Real Estate License Disqualifications
The answer to the question, “Can I get a real estate license with a felony?" is that the qualifications vary from state to state.
For example, in the state of Utah, you must meet some basic requirements to be considered for a real estate license, including:
- Having a high school diploma or equivalent
- Completing the State of Utah's Qualifying Questionnaire
- Meeting the mandatory licensing qualifications of truthfulness, integrity, honesty, and competency
Another example is the state of Arizona, which requires applicants to submit fingerprints for a background check. If you're found with a prior conviction of incarceration, parole, or under community service, you stand to be disqualified.
That said, there are several factors that impact real estate license applicants with a criminal record. Here are a few:
- The type of crime committed
- How long ago the conviction was
- If the crime is related to real estate
- Conviction/charge level
Did You Know?
In Iowa, felons need to wait five years after their conviction and have completed all their conviction requirements to have their application considered by the state.
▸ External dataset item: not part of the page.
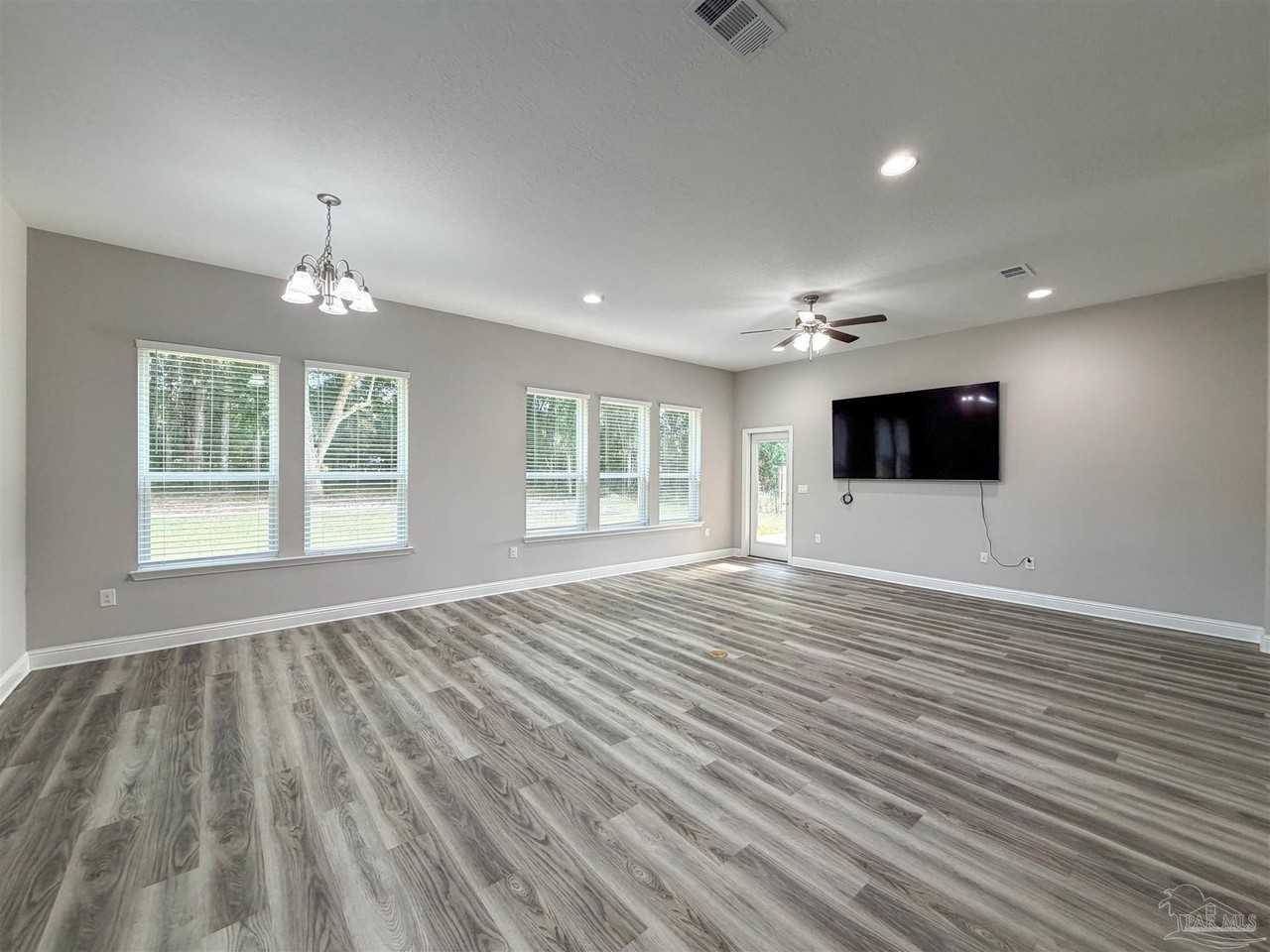 4578 Red Oak Dr - Photo 4 of 31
Becoming a Real Estate Agent With a Felony—Honesty and Transparency
One of the single most important things to keep in mind when trying to earn a real estate license is that transparency really does matter. Trying to hide a "ding" in your criminal record is pointless and will only end up hurting you in the long run. Every state conducts rigorous background checks, so there's no way to hide your past.
Before you begin your Pre-Licensing education, get in touch with your state's real estate commission. Explain to them the following:
● Your exact criminal conviction and the circumstances surrounding it
● Why you want to become a real estate agent
● How you feel that you have been rehabilitated/and or changed
● How long it has been since you completed your sentence
Being upfront and honest actually shows your state's commission that you can be trusted — something that goes a long way to demonstrate that you truly deserve a chance in the real estate industry. And while your state's commission will definitely go by whatever rules that are in place, you have a high chance of getting the thumbs up if you come clean right from the outset.
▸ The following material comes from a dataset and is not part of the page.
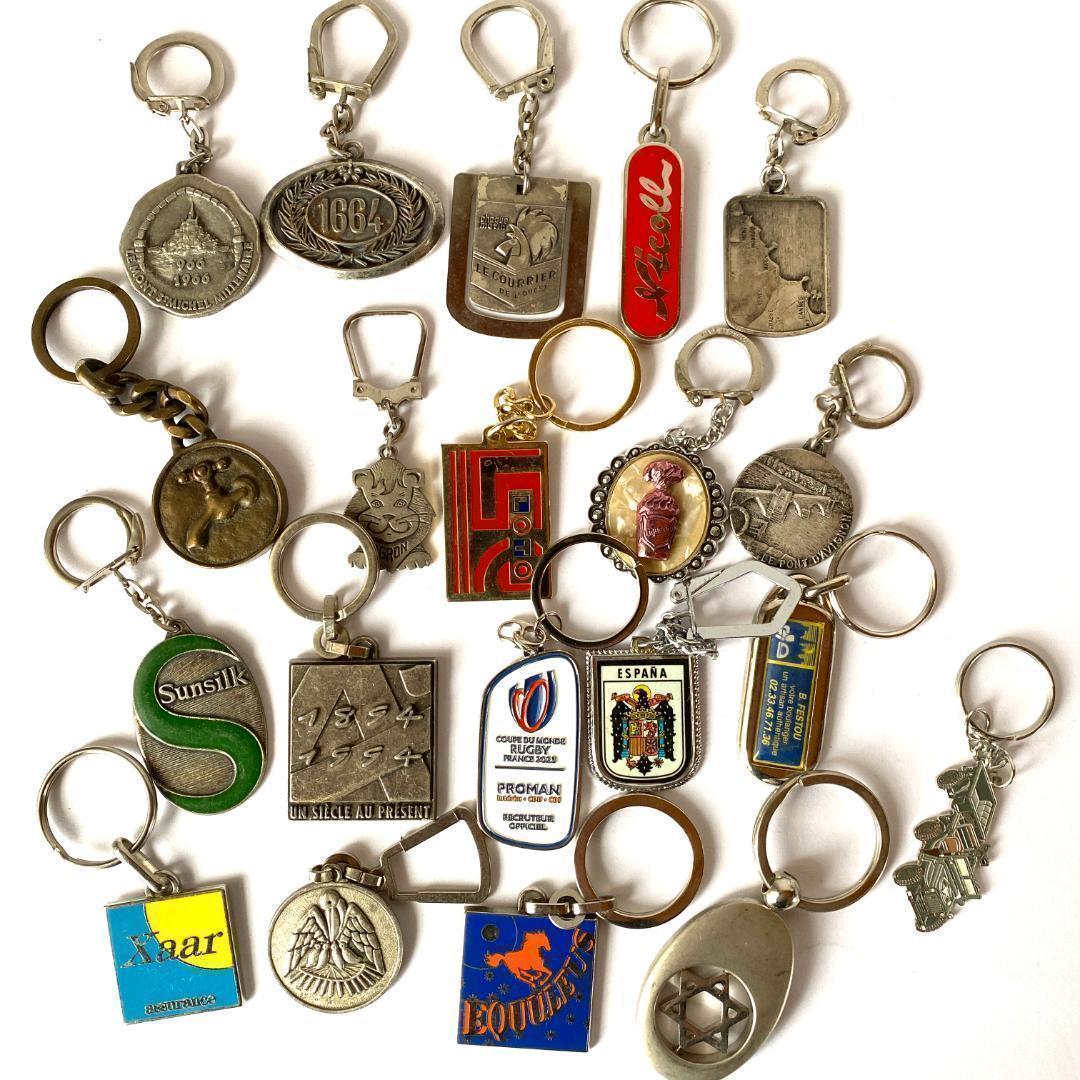 100個！フランス ヴィンテージ キーホルダー 金属製 メタル まとめ売り D4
Integrity, transparency, and full disclosure are all crucial in the day-to-day life of a real estate agent, and it all starts with being forthright on your license application. It would be best if you committed to honesty in every single decision you make, both professionally and personally. We're confident that this principle will reward you in the long run.
Felony Reviews for Real Estate License Applications
Some state commissions will require a felony review for felons to earn their real estate license. It's not actually as bad as it sounds. Think of it as a more in-depth look into your criminal history and your journey to rehabilitation.
A felony review typically includes the following:
● Any documents relating to the felony
● The number of felonies or other similar incidents in your history
● The events leading up to the felony
● The relationship of the crime to the practice of real estate
● The severity and nature of the conviction
● The applicant's activities since the completion of the sentence, including payment of restitution, education, employment, participation in rehab, and anything else that suggests a change of character
A felony review might also prove valuable when you're out there hunting for a job. Oftentimes, brokers will ask for your felony review before they draft you as a part of their brokerage. This review acts as tangible proof that you've indeed turned a corner and are ready to help society.
Since a felony review is often a written document, make sure that everything outlined within it is 100% correct. As we said, transparency is key to the application process. Do it right from the onset, and you'll increase your chances of nailing a job in the real estate industry.